▶ [PROBLEM TO WORK ON] Please transcribe the lines below exactly, and leave every image behind.

▶ [COLLECTED MATERIAL]
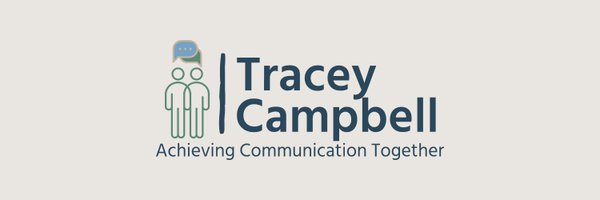 trAACeyc Profile Banner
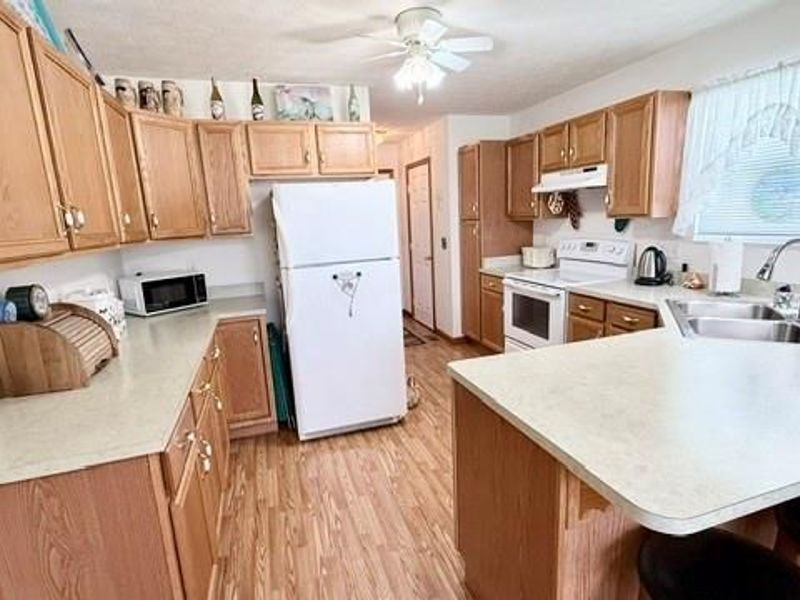 500 Lambert Drive, Piqua, OH 45356 Photo 3
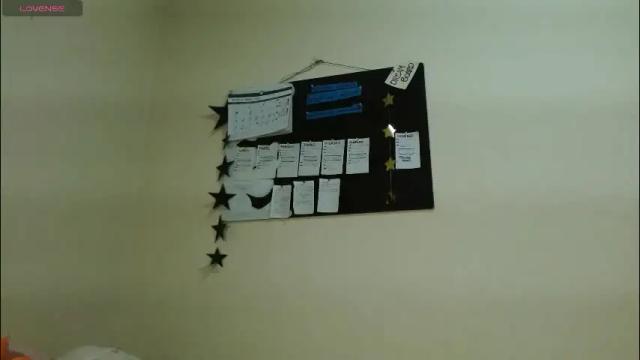 Image 8 of fenixmfx Stream on Chaturbate on 13 days ago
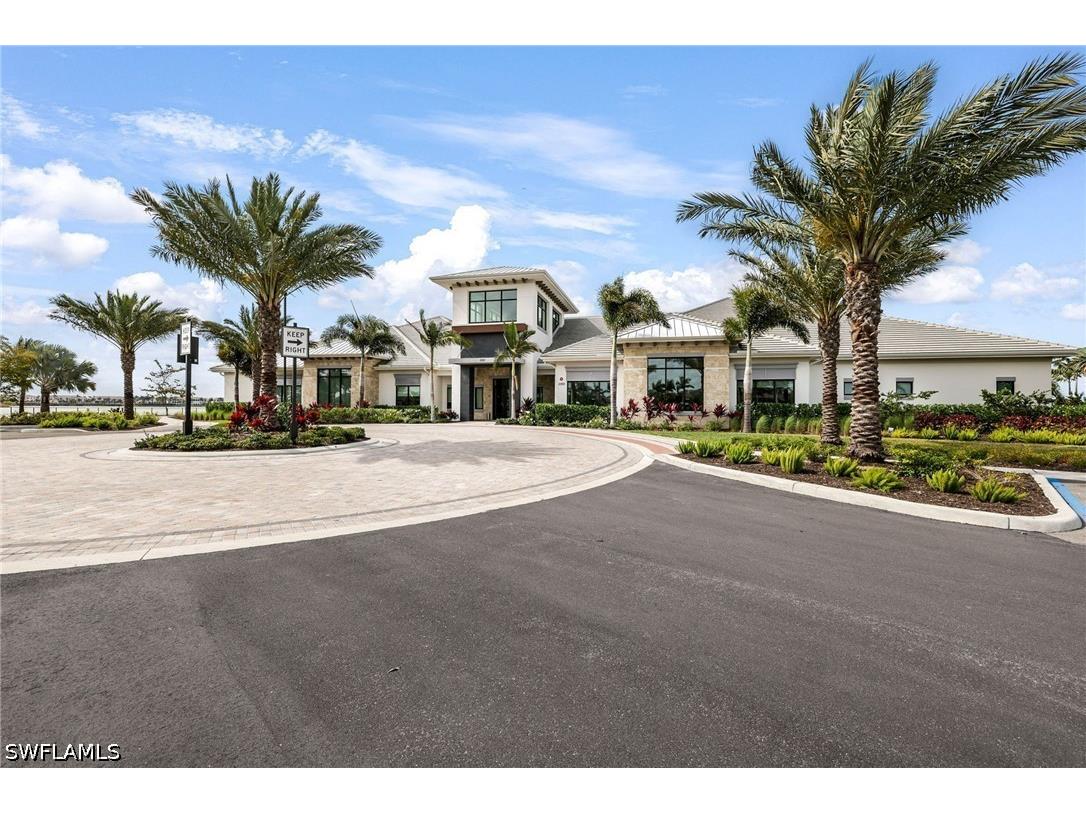 12361 Canal Grande Drive Fort Myers FL 33913 226013045 image36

▶ [RESULT]
 trAACeyc Profile Banner
 500 Lambert Drive, Piqua, OH 45356 Photo 3
 Image 8 of fenixmfx Stream on Chaturbate on 13 days ago
 12361 Canal Grande Drive Fort Myers FL 33913 226013045 image36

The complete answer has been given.